I have a function that takes a pandas dataframe with index labels in the form of <int>_<int>
(which basically denotes some size ranges in µm), and columns that hold values for separate samples in those size ranges.
The size ranges are consecutive as in the following example:
df = pd.DataFrame({'A': ['a', 'd', 'g', 'j'], 'B': ['b', 'e', 'h', 'k'], 'C': ['c', 'f', 'i', 'l']}, index = ['0_10', '10_20', '20_30', '30_40'])
A B C
0_10 a b c
10_20 d e f
20_30 g h i
30_40 j k l
Note: for demonstration purpose the values are letter here. The real values are float64 numbers.
Here is the code that I am using so far. The docstring shows you what it is doing. As such it works fine, however, the nested loop and the iterative creation of new rows makes it very slow.
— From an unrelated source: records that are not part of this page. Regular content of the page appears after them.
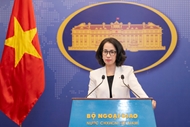 Vietnam opposes use of force against sovereign nations: Spokesperson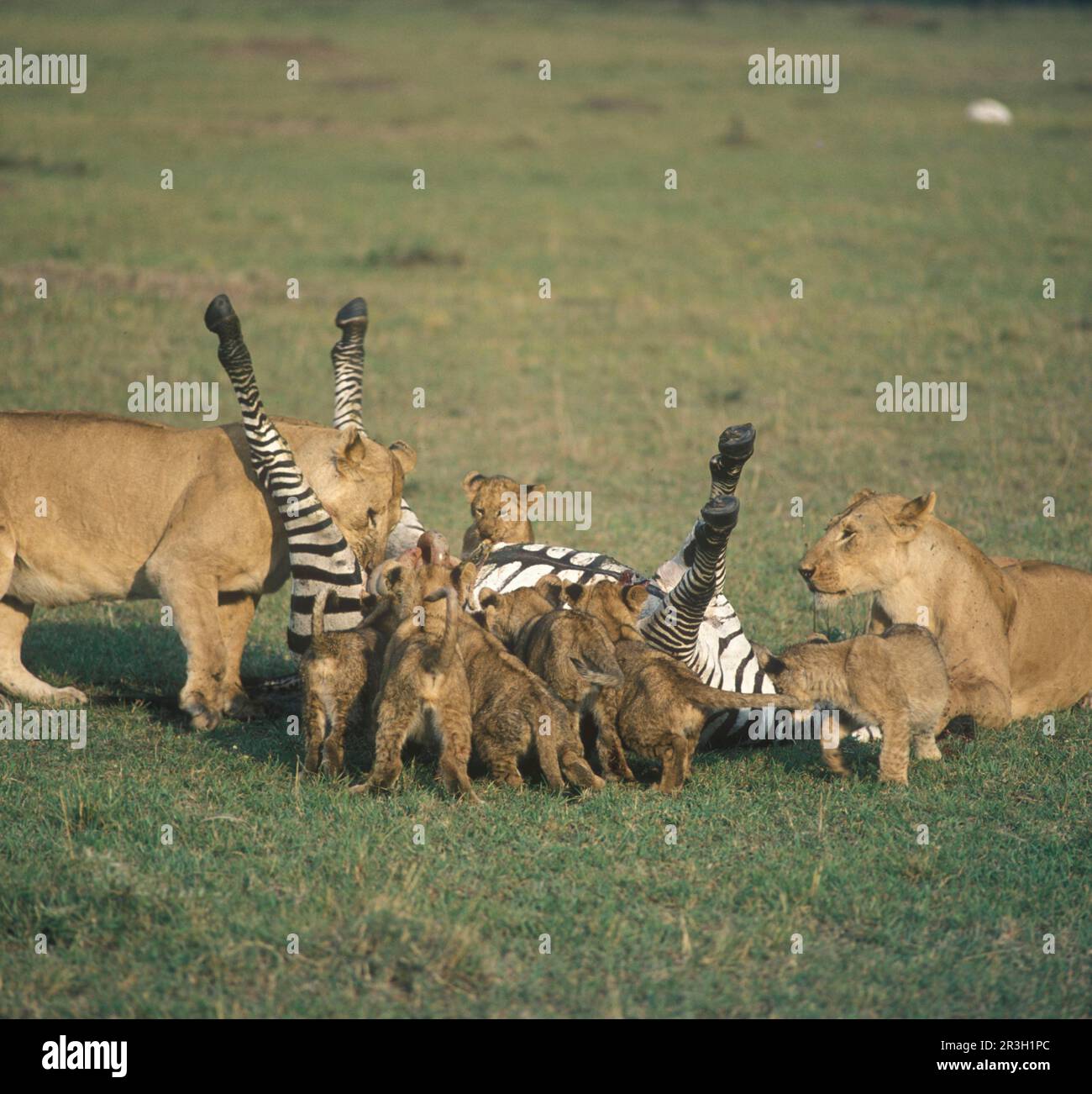 Leone africano Leone di nicchia leoni di nicchia (Panthera leo), leoni, gatti grandi, predatori, mammiferi, Animali, femmine leone e cubani a Zebra uccidere, zebra carcassa Foto Stock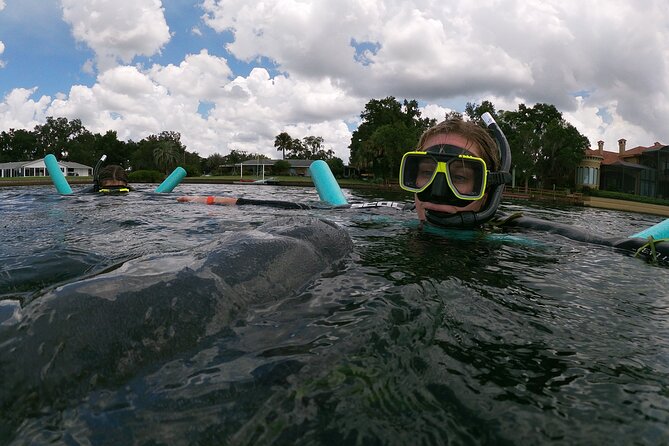 Manatee Snorkeling Crystal River Florida Semi-Private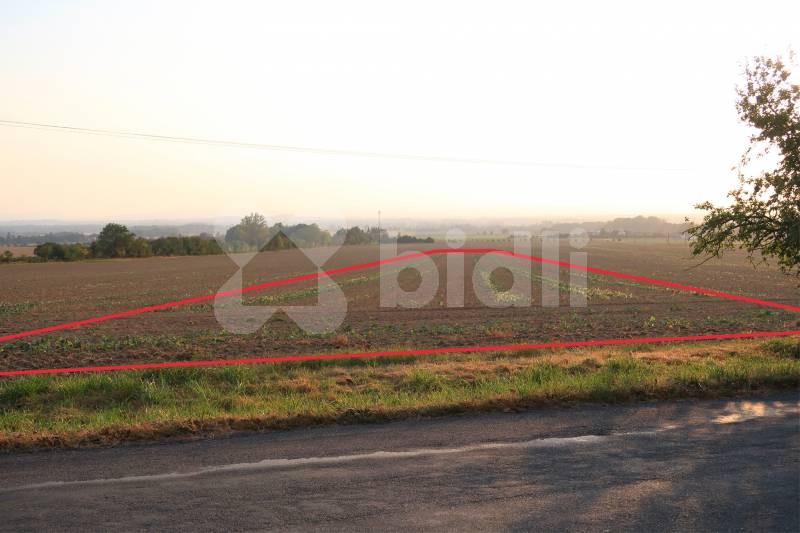 Zemědělský pozemek · Bělkovice-Lašťany - 3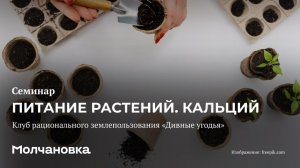 5 сезон 10 семинар. Питание растений. Кальций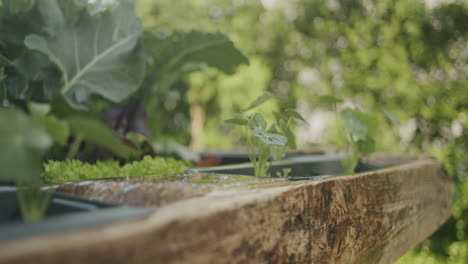 Close-up-shot-of-watering-some-small-growing-herbs-growing-in-a-raised-bed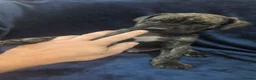 Cane Corso dogs for sale: Cane corso puppies  in Abertillery - Advert 2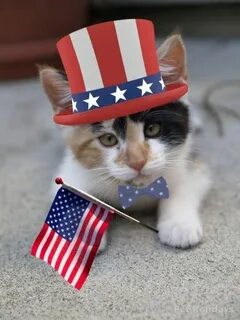 Grasp the Incredible Funny 4th Of July Cat Memes - Hilarious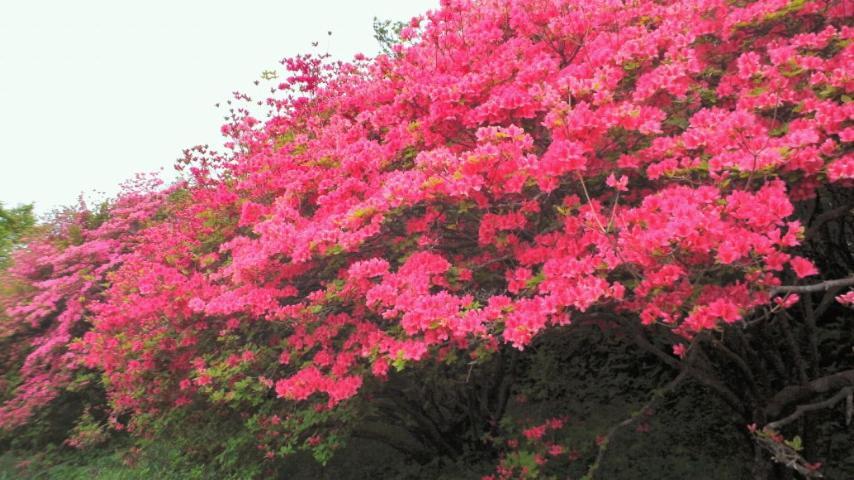 Kadoya Ryokan Nasushiobara Ngoại thất bức ảnh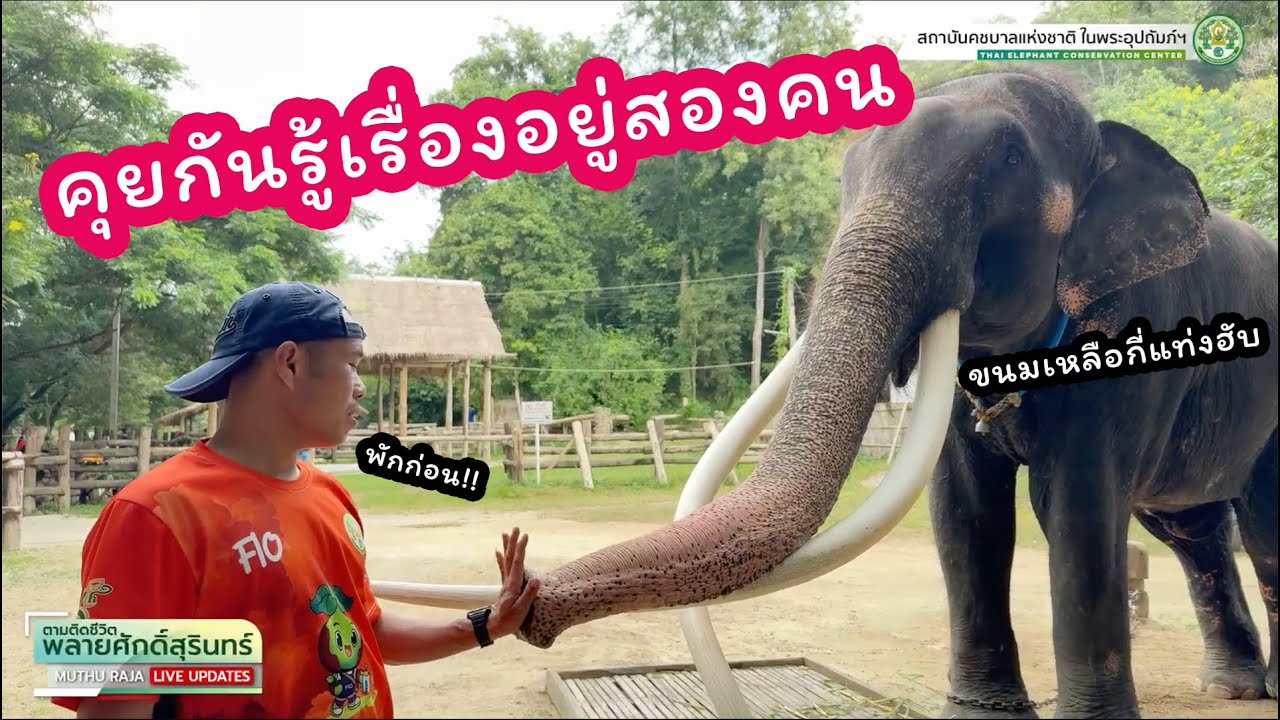 ตามติดชีวิต 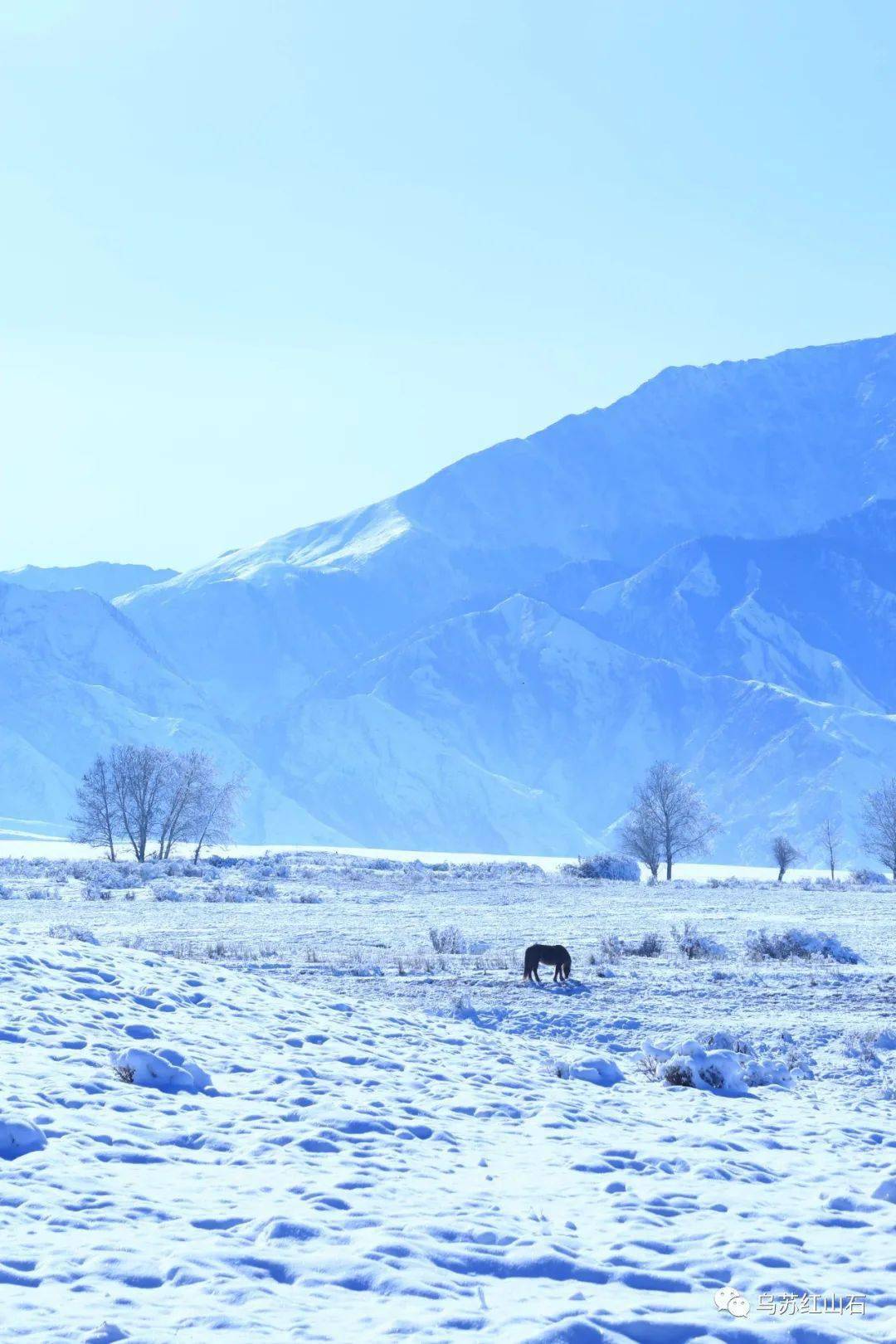 山坡上的雪附在植物上象开了一朵朵银色的花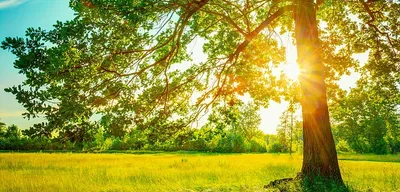 Havalar Ne Zaman Isınacak? Meteoroloji Hava Durumu Tahminini Paylaştı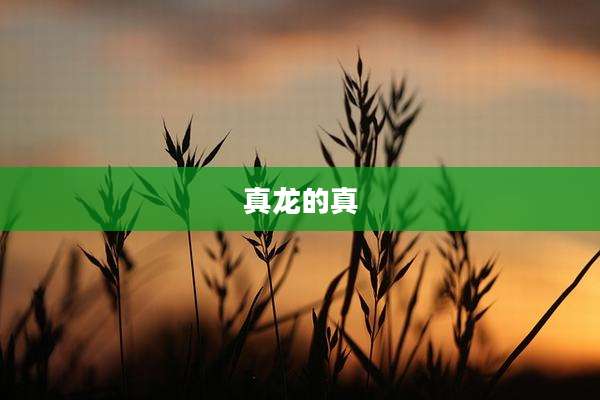 真龙的真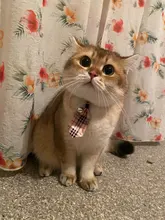 [MPK Store] Cat Toy Cat Costume Clip Tie for Cats and Dogs, Cat Collar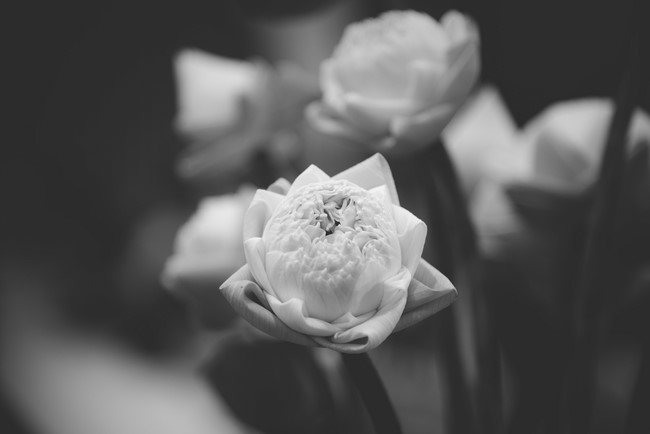 Ngày tu Sinh Viên Hướng Về Phật Pháp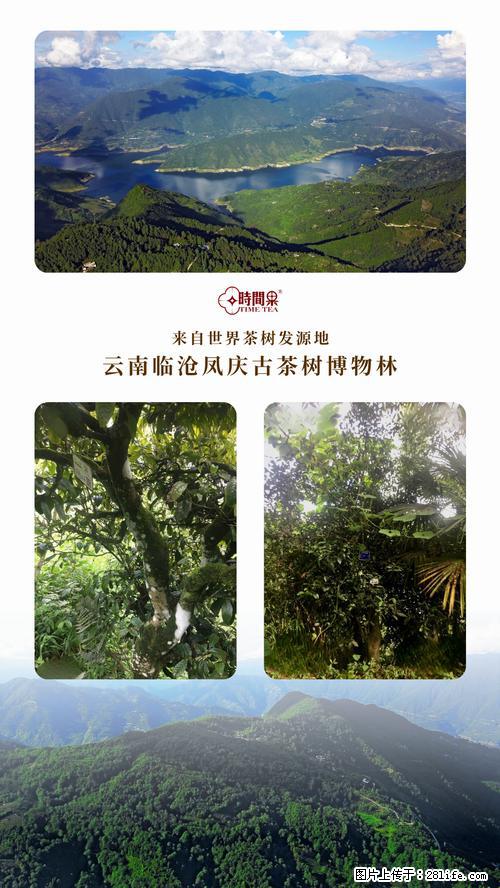 时间果百年古树2025年春红茶 - 购物交流 - 唐山生活社区 - 唐山28生活网 ts.28life.net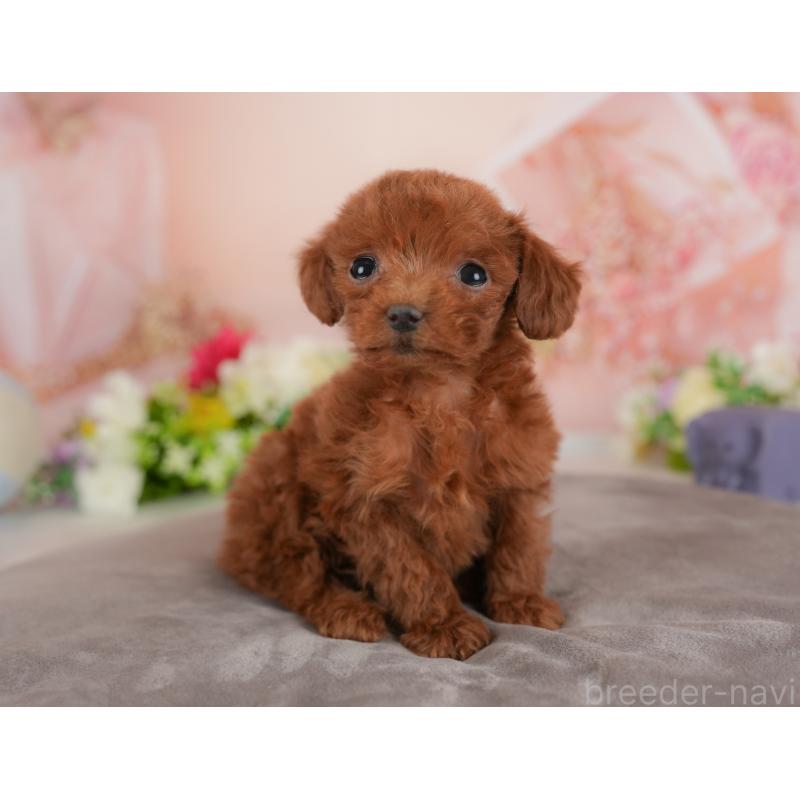 販売中の群馬県のトイプードル-441115の6枚目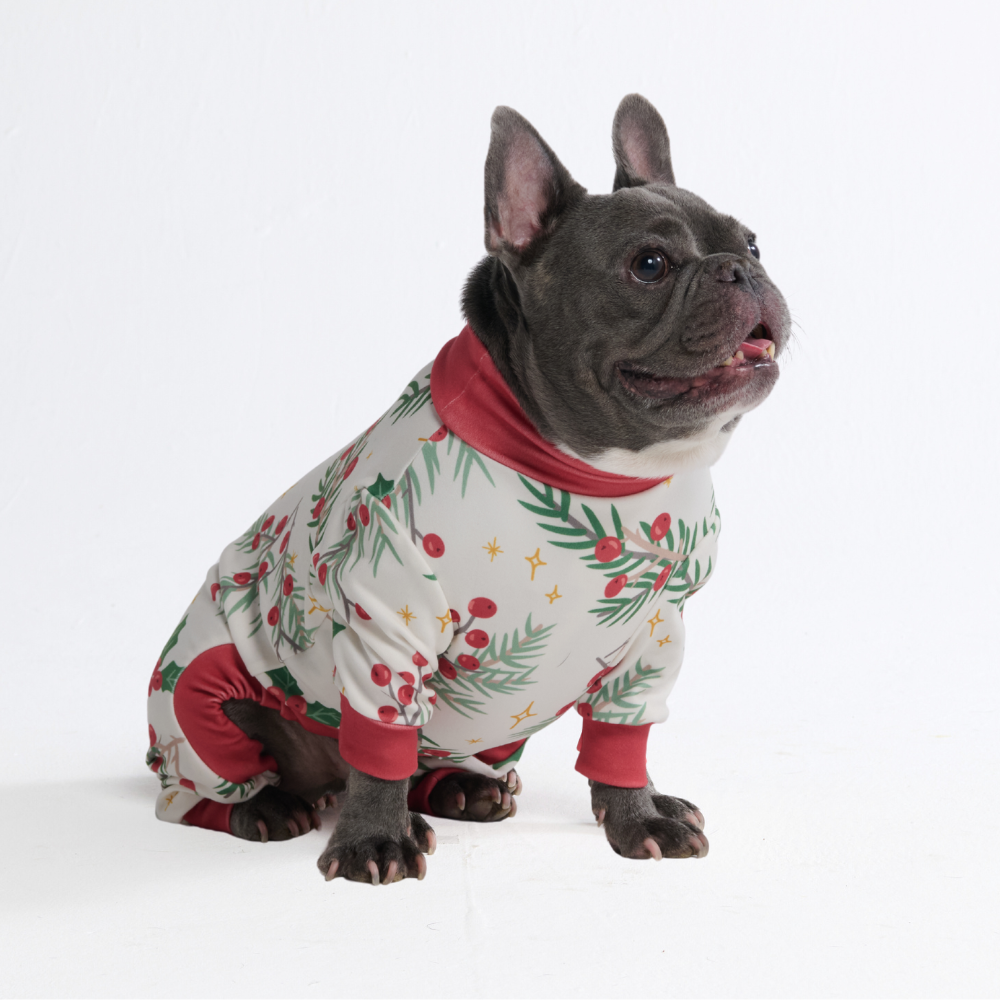 Dog Christmas Pajama - Mistletoe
For a dataframe with 200 rows and 21 columns it runs for about 2 min.
def combination_sums(df): # TODO: speed up
"""
Append new rows to a DF, where each new row is a column-wise sum of an original row
and any possible combination of consecutively following rows. The input DF must have
an index according to the scheme below.
Example:
INPUT DF OUTPUT DF
A B C A B C
0_10 a b c 0_10 a b c
10_20 d e f --> 10_20 d e f
20_30 g h i 20_30 g h i
30_40 j k l 30_40 j k l
0_20 a+d b+e c+f
0_30 a+d+g b+e+h c+f+i
0_40 a+d+g+j b+e+h+k c+f+i+l
10_30 d+g e+h f+i
10_40 d+g+j e+h+k f+i+l
20_40 g+j h+k i+l
"""
ol = len(df) # original length
for i in range(ol):
for j in range(i+1,ol):
new_row_name = df.index[i].split('_')[0] + '_' + df.index[j].split('_')[1] # creates a string for the row index from the first and the last rows in the sum
df.loc[new_row_name] = df.iloc[i:j].sum()
return df
I am wondering what could be a better way to make it more efficient. I.e. using intermediate conversion to a numpy
array and doing it in a vectorised operation. From somewhat similar posts (e.g. here), I thought there could be a way with numpy
mgrid
or ogrid
, however, it was not similar enough for me to adapt it to what I want to achieve.